__TO DO__
Starting at the line that contains "為什么小型挖掘機(jī)能在", reproduce only the lines through the end of the data, exactly, including both the first and the last; skip the pictures.

__EXERCISE DATA__
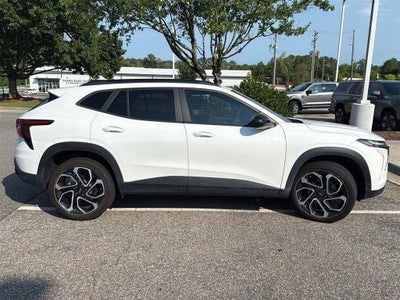 2024 Chevrolet Trax 2RS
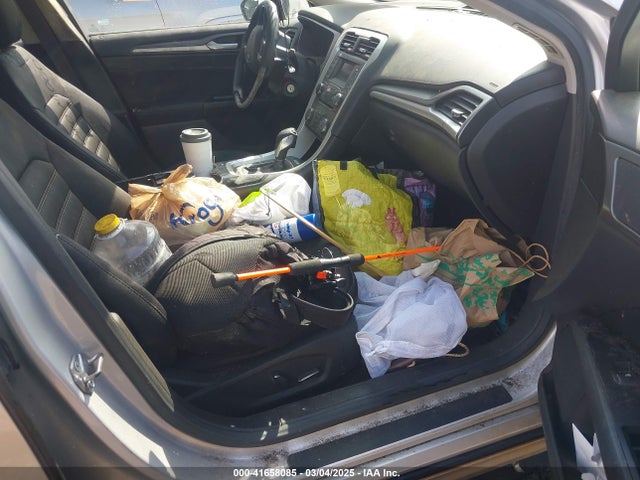 Ford FUSION SE 2015 3FA6P0H77FR236229 Image 5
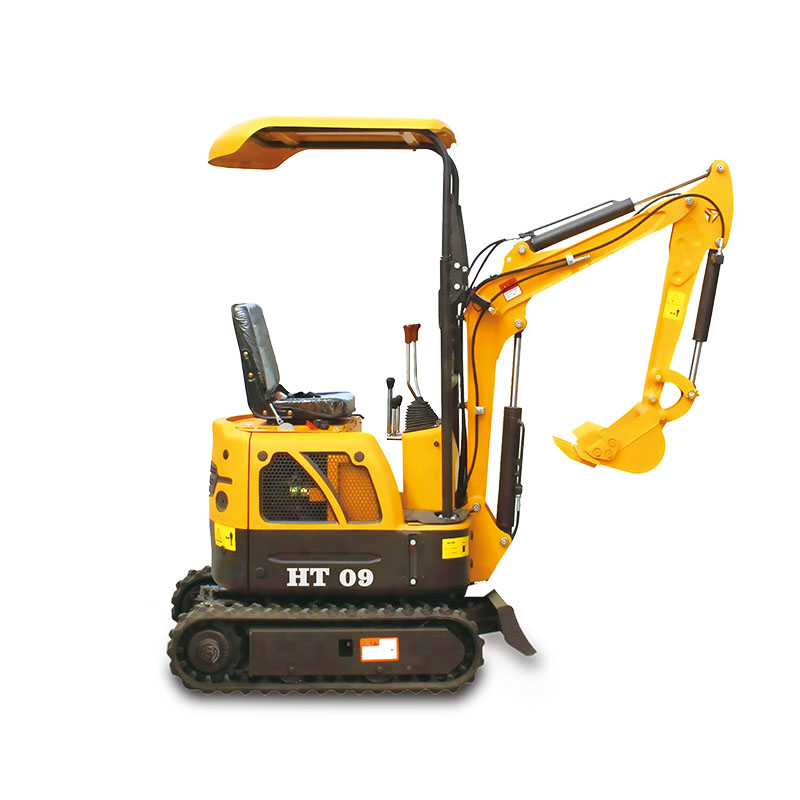 為什么小型挖掘機(jī)能在農(nóng)業(yè)應(yīng)用中脫穎而出？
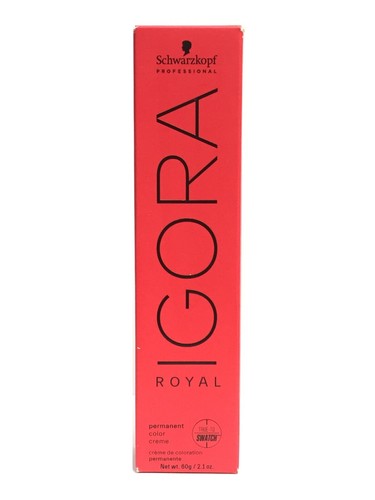 Schwarzkopf Igora Royal Permanent Hair Color, 2.1 oz ( CHOOSE COLOR ) - Picture 94 of 179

__ANSWER SPACE__
 為什么小型挖掘機(jī)能在農(nóng)業(yè)應(yīng)用中脫穎而出？
 Schwarzkopf Igora Royal Permanent Hair Color, 2.1 oz ( CHOOSE COLOR ) - Picture 94 of 179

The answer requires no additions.